**Directions:**
From the line containing "Modern minimalistisk Ny" to the end of the listing, write out every line exactly; leave out everything else.

**Information provided:**

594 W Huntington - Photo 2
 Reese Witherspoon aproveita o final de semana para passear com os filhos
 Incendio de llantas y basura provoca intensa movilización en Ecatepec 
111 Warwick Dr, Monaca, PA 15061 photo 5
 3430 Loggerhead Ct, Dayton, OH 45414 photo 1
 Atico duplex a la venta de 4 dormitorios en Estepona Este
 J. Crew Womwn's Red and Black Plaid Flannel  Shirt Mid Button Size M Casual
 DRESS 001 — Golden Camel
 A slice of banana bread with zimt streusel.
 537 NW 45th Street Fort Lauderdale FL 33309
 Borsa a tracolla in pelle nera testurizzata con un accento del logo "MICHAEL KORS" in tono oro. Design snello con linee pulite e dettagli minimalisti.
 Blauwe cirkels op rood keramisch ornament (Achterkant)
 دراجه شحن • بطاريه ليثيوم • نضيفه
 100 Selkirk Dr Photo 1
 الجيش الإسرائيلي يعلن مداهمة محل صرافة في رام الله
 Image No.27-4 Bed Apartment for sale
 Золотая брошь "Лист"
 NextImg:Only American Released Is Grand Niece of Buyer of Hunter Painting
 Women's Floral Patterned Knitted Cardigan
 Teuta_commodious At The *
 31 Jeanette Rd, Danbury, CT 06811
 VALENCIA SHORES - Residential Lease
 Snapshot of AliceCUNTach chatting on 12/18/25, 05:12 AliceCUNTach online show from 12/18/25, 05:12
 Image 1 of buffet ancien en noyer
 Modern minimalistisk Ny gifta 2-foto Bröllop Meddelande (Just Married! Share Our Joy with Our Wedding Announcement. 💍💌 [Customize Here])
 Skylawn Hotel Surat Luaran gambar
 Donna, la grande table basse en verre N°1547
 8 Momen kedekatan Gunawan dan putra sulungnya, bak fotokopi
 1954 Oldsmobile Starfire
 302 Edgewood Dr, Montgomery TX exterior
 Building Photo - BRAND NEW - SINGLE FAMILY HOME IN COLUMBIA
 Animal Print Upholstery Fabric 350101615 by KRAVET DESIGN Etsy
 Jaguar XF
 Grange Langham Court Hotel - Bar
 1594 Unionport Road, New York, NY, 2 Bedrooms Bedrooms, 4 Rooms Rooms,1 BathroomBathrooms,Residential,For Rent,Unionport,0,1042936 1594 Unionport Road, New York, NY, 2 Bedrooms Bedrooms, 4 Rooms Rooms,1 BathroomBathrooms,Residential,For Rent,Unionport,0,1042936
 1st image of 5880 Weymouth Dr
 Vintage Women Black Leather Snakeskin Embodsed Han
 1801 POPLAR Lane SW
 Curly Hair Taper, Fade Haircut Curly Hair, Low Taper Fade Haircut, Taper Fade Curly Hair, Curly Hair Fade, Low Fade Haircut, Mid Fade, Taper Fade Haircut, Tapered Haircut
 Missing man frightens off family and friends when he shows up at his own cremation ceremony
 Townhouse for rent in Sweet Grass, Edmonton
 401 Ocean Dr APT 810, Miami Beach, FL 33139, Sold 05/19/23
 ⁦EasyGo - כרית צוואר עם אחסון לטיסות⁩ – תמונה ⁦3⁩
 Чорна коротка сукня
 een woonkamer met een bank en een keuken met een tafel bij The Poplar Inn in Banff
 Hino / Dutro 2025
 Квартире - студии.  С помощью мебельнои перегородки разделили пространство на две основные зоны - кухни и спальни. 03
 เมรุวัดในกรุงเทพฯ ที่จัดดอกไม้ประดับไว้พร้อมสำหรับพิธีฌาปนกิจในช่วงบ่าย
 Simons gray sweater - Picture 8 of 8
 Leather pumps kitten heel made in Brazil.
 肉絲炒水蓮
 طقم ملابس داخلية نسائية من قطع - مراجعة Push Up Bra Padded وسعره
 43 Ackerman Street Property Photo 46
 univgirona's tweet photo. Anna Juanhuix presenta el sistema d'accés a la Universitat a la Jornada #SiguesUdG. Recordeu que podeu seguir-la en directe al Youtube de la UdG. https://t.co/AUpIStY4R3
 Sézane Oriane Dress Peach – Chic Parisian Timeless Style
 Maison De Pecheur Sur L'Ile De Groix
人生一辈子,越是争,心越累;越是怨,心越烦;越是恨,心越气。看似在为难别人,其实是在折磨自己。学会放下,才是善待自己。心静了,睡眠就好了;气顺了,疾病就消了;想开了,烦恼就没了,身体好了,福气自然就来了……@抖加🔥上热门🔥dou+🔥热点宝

**Answer to this exercise:**
 Modern minimalistisk Ny gifta 2-foto Bröllop Meddelande (Just Married! Share Our Joy with Our Wedding Announcement. 💍💌 [Customize Here])
 Skylawn Hotel Surat Luaran gambar
 Donna, la grande table basse en verre N°1547
 8 Momen kedekatan Gunawan dan putra sulungnya, bak fotokopi
 1954 Oldsmobile Starfire
 302 Edgewood Dr, Montgomery TX exterior
 Building Photo - BRAND NEW - SINGLE FAMILY HOME IN COLUMBIA
 Animal Print Upholstery Fabric 350101615 by KRAVET DESIGN Etsy
 Jaguar XF
 Grange Langham Court Hotel - Bar
 1594 Unionport Road, New York, NY, 2 Bedrooms Bedrooms, 4 Rooms Rooms,1 BathroomBathrooms,Residential,For Rent,Unionport,0,1042936 1594 Unionport Road, New York, NY, 2 Bedrooms Bedrooms, 4 Rooms Rooms,1 BathroomBathrooms,Residential,For Rent,Unionport,0,1042936
 1st image of 5880 Weymouth Dr
 Vintage Women Black Leather Snakeskin Embodsed Han
 1801 POPLAR Lane SW
 Curly Hair Taper, Fade Haircut Curly Hair, Low Taper Fade Haircut, Taper Fade Curly Hair, Curly Hair Fade, Low Fade Haircut, Mid Fade, Taper Fade Haircut, Tapered Haircut
 Missing man frightens off family and friends when he shows up at his own cremation ceremony
 Townhouse for rent in Sweet Grass, Edmonton
 401 Ocean Dr APT 810, Miami Beach, FL 33139, Sold 05/19/23
 ⁦EasyGo - כרית צוואר עם אחסון לטיסות⁩ – תמונה ⁦3⁩
 Чорна коротка сукня
 een woonkamer met een bank en een keuken met een tafel bij The Poplar Inn in Banff
 Hino / Dutro 2025
 Квартире - студии.  С помощью мебельнои перегородки разделили пространство на две основные зоны - кухни и спальни. 03
 เมรุวัดในกรุงเทพฯ ที่จัดดอกไม้ประดับไว้พร้อมสำหรับพิธีฌาปนกิจในช่วงบ่าย
 Simons gray sweater - Picture 8 of 8
 Leather pumps kitten heel made in Brazil.
 肉絲炒水蓮
 طقم ملابس داخلية نسائية من قطع - مراجعة Push Up Bra Padded وسعره
 43 Ackerman Street Property Photo 46
 univgirona's tweet photo. Anna Juanhuix presenta el sistema d'accés a la Universitat a la Jornada #SiguesUdG. Recordeu que podeu seguir-la en directe al Youtube de la UdG. https://t.co/AUpIStY4R3
 Sézane Oriane Dress Peach – Chic Parisian Timeless Style
 Maison De Pecheur Sur L'Ile De Groix
人生一辈子,越是争,心越累;越是怨,心越烦;越是恨,心越气。看似在为难别人,其实是在折磨自己。学会放下,才是善待自己。心静了,睡眠就好了;气顺了,疾病就消了;想开了,烦恼就没了,身体好了,福气自然就来了……@抖加🔥上热门🔥dou+🔥热点宝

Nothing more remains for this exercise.